● Exercise brief: The required result is an exact copy of the lines from the one containing "Roestvrij stalen (RVS)" to the last line of the records, both ends included, without pictures.

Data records
++++++

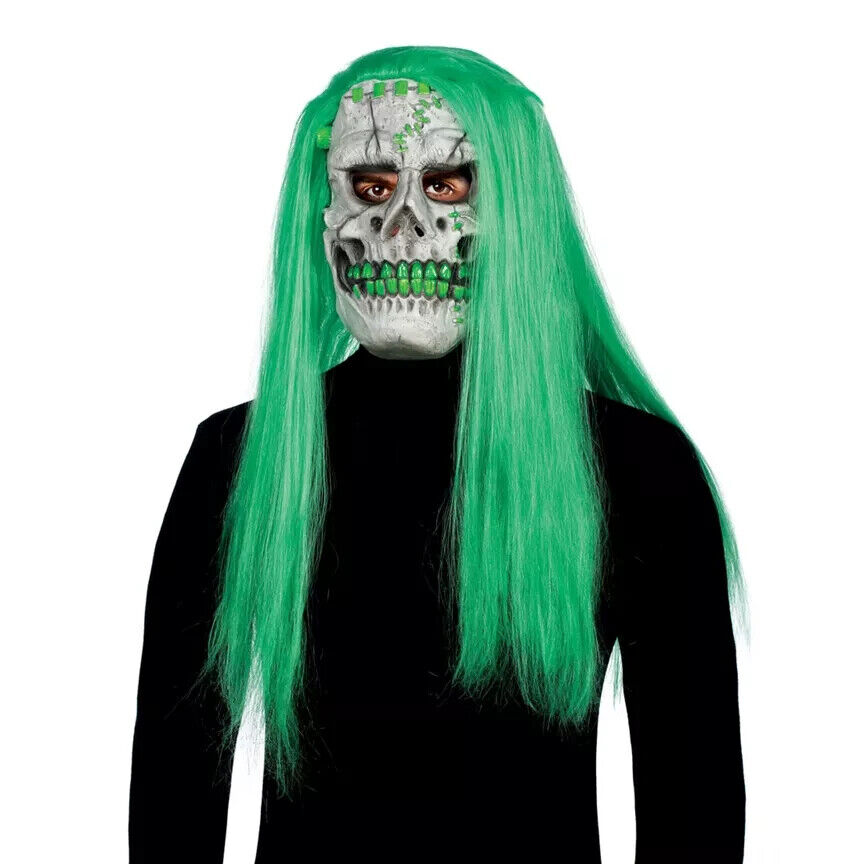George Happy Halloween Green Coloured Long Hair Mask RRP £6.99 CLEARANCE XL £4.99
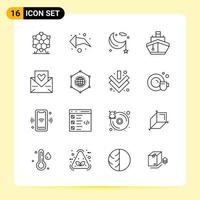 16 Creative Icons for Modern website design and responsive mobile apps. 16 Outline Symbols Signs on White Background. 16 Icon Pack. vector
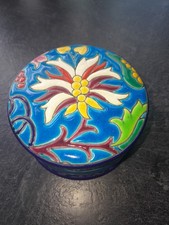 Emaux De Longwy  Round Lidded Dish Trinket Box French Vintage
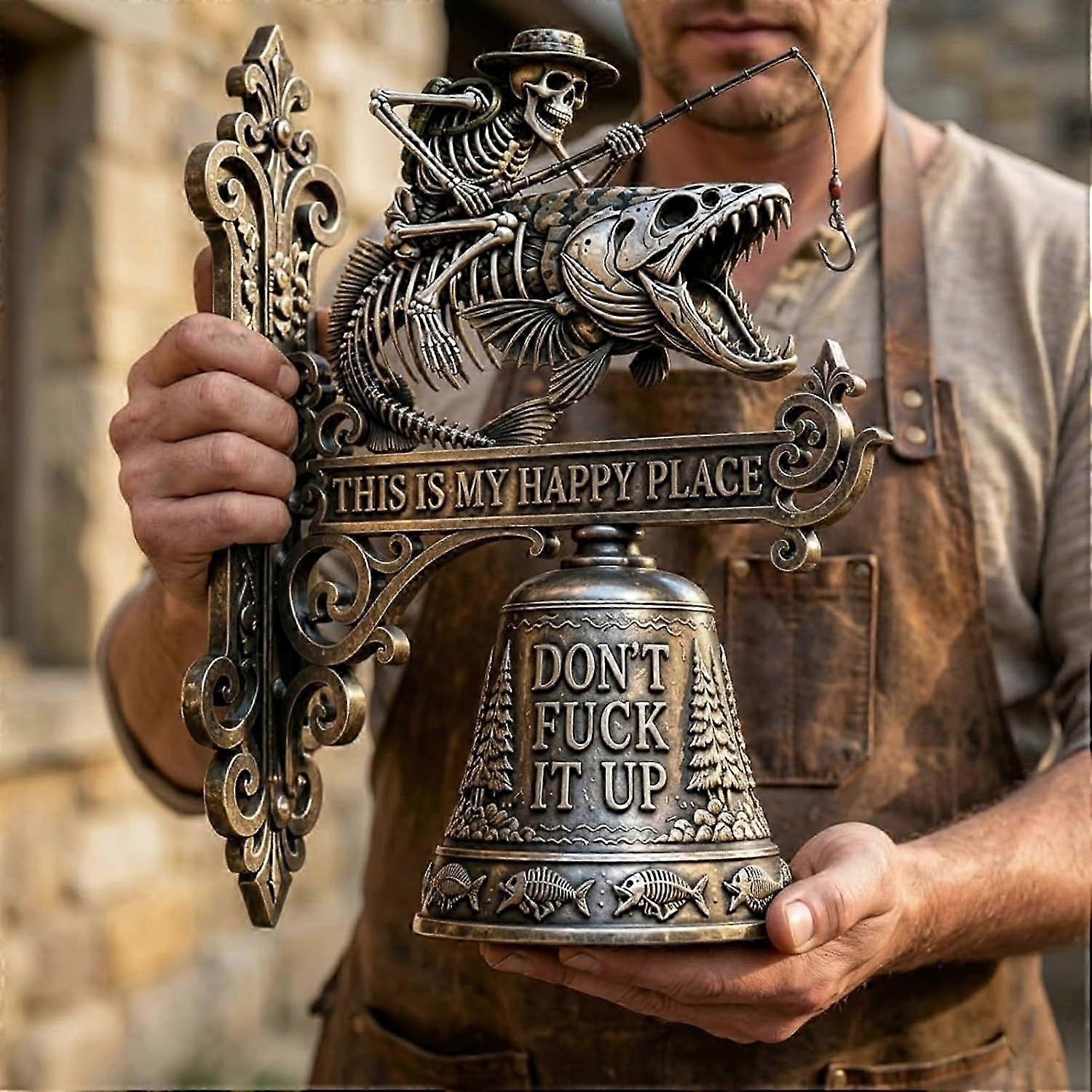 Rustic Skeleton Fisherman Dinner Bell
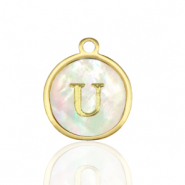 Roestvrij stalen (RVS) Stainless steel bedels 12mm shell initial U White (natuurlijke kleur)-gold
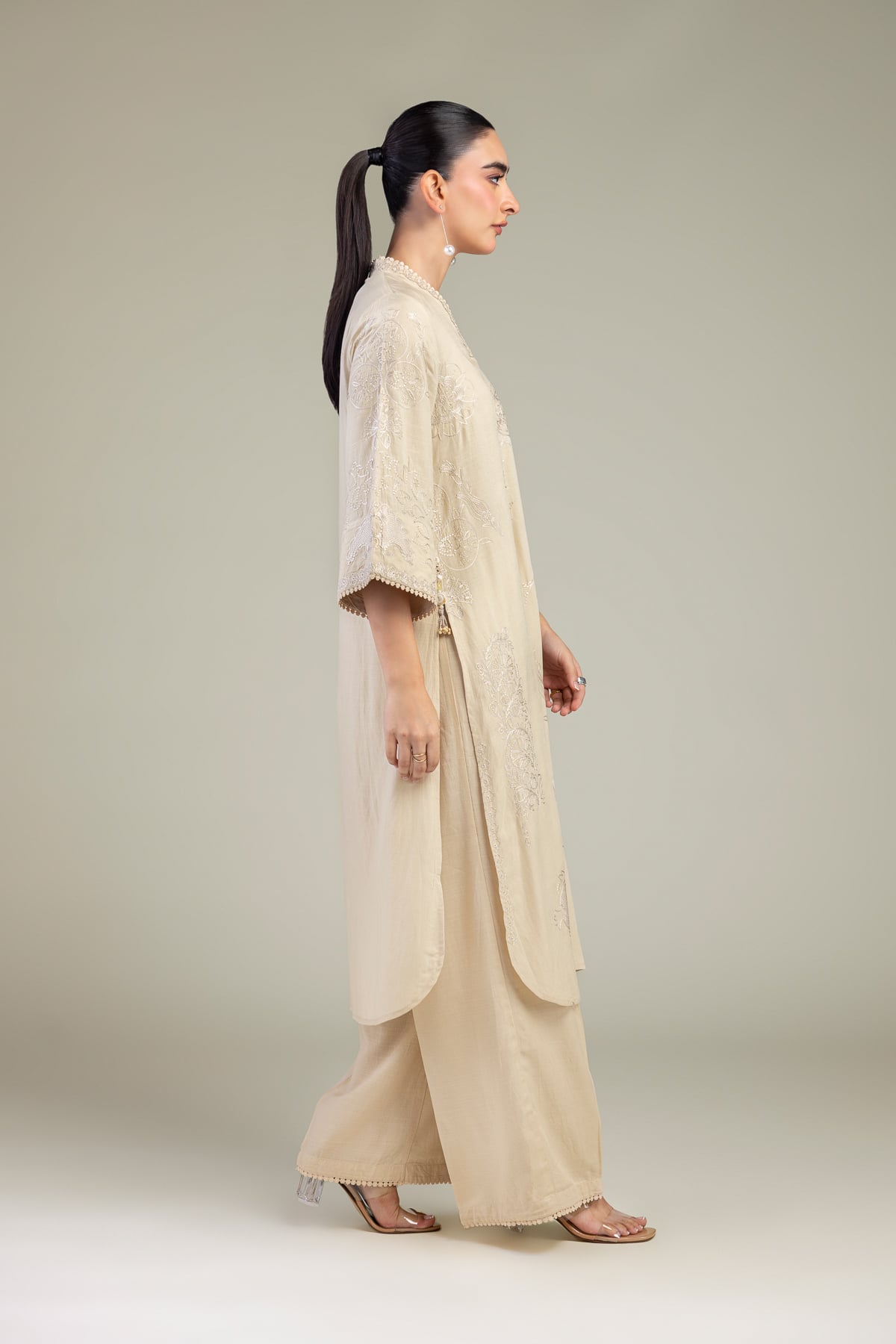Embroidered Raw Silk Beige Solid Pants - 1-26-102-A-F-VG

++++++

● Solution below:
 Roestvrij stalen (RVS) Stainless steel bedels 12mm shell initial U White (natuurlijke kleur)-gold
Embroidered Raw Silk Beige Solid Pants - 1-26-102-A-F-VG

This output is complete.